Step 2: Upload into the Wasabi bucket
Sign in to the Wasabi console, open the bucket and drag the folders in — the console maps them to key prefixes. For very large batches the console upload is fragile; the S3 CLI is steadier but adds setup.
Twice through your own connection, plus local disk staging for the whole archive. Fine for a few hundred gigabytes; painful at terabyte scale.
Method 2: Copy Pixeldrain to Wasabi in the Cloud
Filesystem to S3 bucket in one pass
CloudsLinker reads the Pixeldrain filesystem by API key and writes multipart uploads straight into your Wasabi bucket. No local staging disk, one metered read of the source, and directory structure arrives as matching key prefixes.
Step 1: Connect Pixeldrain
Click Add Cloud → Pixeldrain, enter a display name and paste an API key from pixeldrain.com/user/api_keys.
Step 2: Connect Wasabi
Generate an Access Key pair in the Wasabi console under Access Keys.
Then in CloudsLinker, click Add Cloud → Wasabi, paste the Access Key ID and Secret Access Key, and pick the endpoint matching your bucket's region (for example s3.eu-central-1.wasabisys.com).
Step 3: Configure the Transfer
Set Pixeldrain as the source and select the archive directories; set Wasabi as the destination with the bucket and key prefix. Filter by type or size if only part of the filesystem is archive-grade — filtered gigabytes are metered egress you don't pay.
Step 4: Start and Monitor the Transfer
Start the job and follow the Task List.

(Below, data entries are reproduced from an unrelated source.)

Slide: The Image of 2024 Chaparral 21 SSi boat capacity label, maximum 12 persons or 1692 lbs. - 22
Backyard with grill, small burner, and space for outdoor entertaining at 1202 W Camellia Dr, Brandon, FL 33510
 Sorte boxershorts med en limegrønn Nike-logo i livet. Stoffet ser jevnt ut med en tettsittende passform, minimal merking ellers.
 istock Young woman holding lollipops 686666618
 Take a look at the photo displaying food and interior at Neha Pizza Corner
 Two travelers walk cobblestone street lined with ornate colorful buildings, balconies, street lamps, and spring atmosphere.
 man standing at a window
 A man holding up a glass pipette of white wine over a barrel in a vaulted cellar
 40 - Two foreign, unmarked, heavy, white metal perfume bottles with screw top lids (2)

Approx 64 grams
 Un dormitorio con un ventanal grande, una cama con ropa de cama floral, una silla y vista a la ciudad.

The pass runs server-side end to end; when it completes, verify object counts in the bucket before touching the Pixeldrain originals.
Comparing the Ways to Transfer From Pixeldrain to Wasabi
| Method | Ease of Use | Speed | Best For | Uses Local Bandwidth | Skill Level |
|---|---|---|---|---|---|
| Console download / upload | Medium | Slow + local staging | Sub-100 GB archives | Yes — twice | Basic |
| CloudsLinker | Easy | Fast (server-side, multipart) | Terabyte-scale archives | No | Basic |
- Respect the 1 TB floor: Wasabi bills a 1 TB minimum monthly — consolidate archives to clear it, or the flat rate stops being cheap.
- Never use root keys: generate a scoped Access Key pair for CloudsLinker so it can be rotated or revoked independently.
- Plan key prefixes before, not after: renaming "folders" in object storage means copying every object — pick the prefix scheme first.
- Consider Object Lock: for backup archives, immutability is the feature that justifies the move — enable it at bucket creation, it can't be added later.
- Expect one last meter charge: the export reads the Pixeldrain filesystem once (~€1/TB) — that's the exit toll, not a recurring cost.
- Stop the source meter: after verifying object counts, delete the Pixeldrain directories so the €4/TB storage billing ends.
Frequently Asked Questions
Conclusion
The honest arithmetic: staying on Pixeldrain is cheaper per stored TB, and moving to Wasabi is cheaper the moment retrieval matters — one bulk restore from Pixeldrain can cost more than a month of the price difference. If the archive clears Wasabi's 1 TB billing minimum, the migration is one CloudsLinker pass: filesystem in, S3 bucket out, one final metered egress charge, and the meter never runs again.